Paul Buhle: I was a reader of MAD comics at its very end, in 1955, and wrote an English class paper on Kurtzman when I was a high school junior. (The teacher liked the paper but disapproved of comics. I got a “B.”) After I published Radical America Komiks in 1969, I wrote a fan letter. Harvey responded, kindly, sending me an issue of Help! that I had missed.
The Art of Harvey Kurtzman is obviously a labor of love—what was the process of putting this book together like? Did you make any new discoveries about him and his work along the way?
PB: What I discovered was how much more Denis Kitchen knew than I did.
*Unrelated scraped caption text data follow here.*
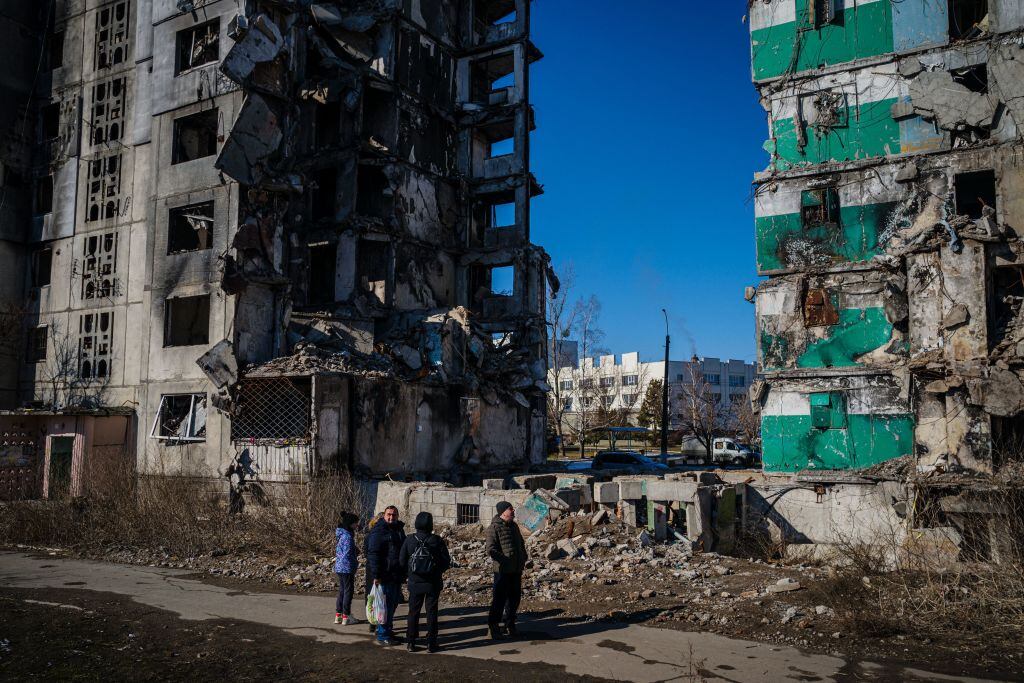 Un grupo de personas observan los daños en edificios de Borodyanka en Ucrania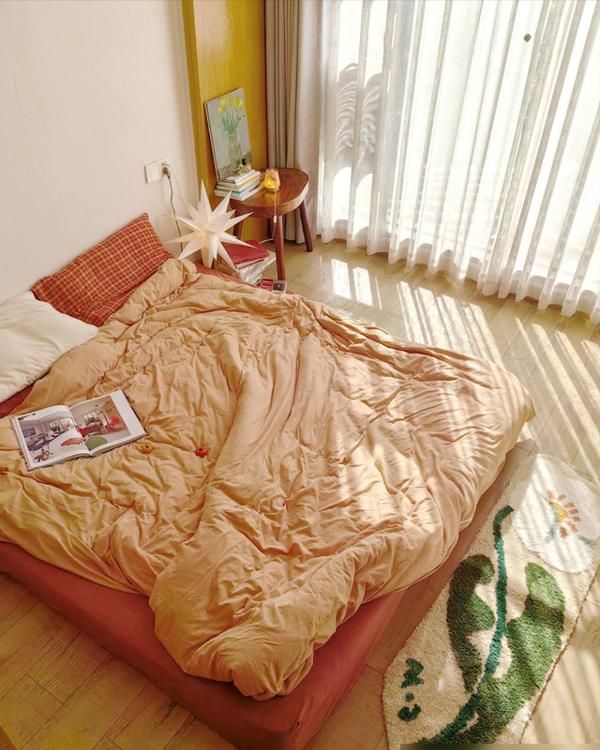 43岁婆婆坚持穷装走红,极简全屋引热议 重庆一43岁婆婆,因“坚持穷装”而走红,全屋那叫一个极简 - 家居知识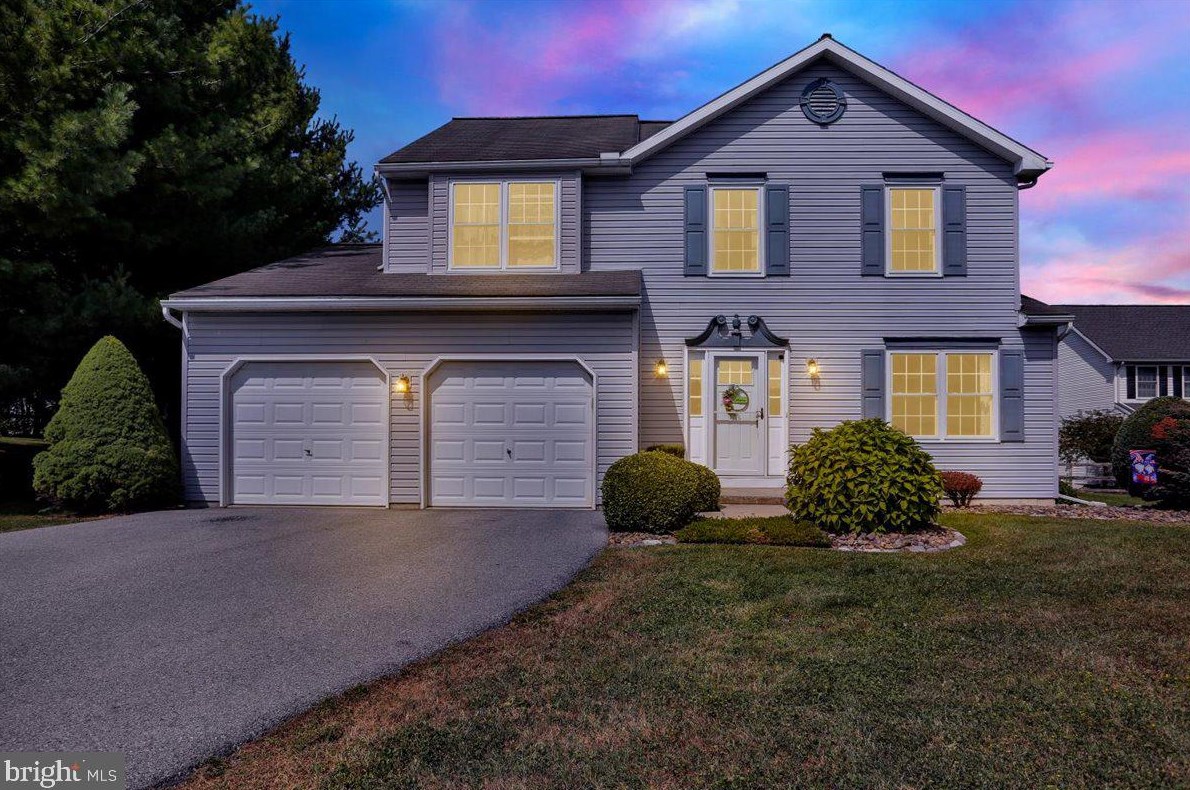 5 Tulpehocken Ct, Womelsdorf, PA 19567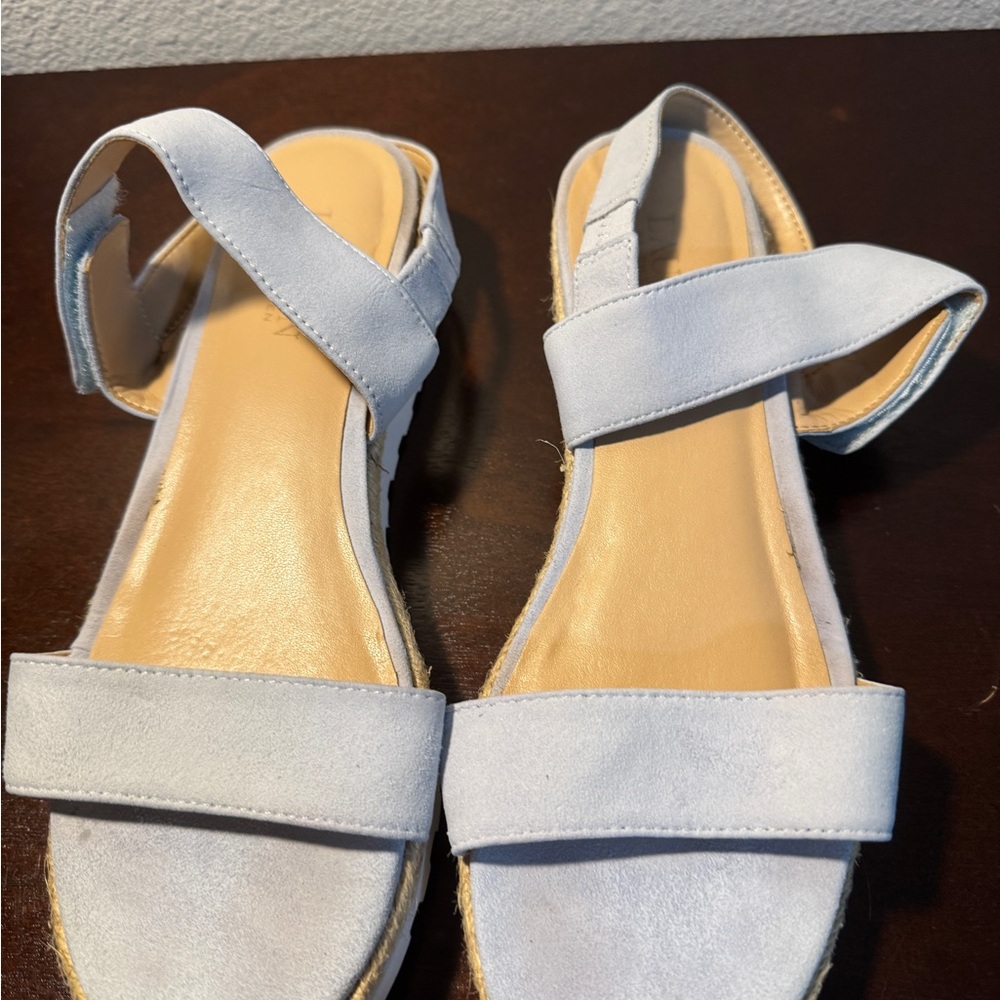 Lauren Ralph Lauren Women's Cream Espadrilles - Picture 4 of 8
And what a wonderful person Adele Kurtzman is. It’s been thrilling to go through the archives and write about a childhood hero whom I had imagined writing to when I was still in high school.
DK: Reviewing Harvey’s life’s work, I was struck repeatedly by how brilliant he was, how far ahead of his time he was and, sadly, how tough it was to make a good living in comics during his lifetime. I was also reminded of various unfinished projects, such as a 1954 graphic novel based on the work of Charles Dickens, that raise intriguing “what might have been” questions. Assembling the book has been a dream come true, but the cutting room floor was painful. I wish I had talked Abrams into a two-volume set!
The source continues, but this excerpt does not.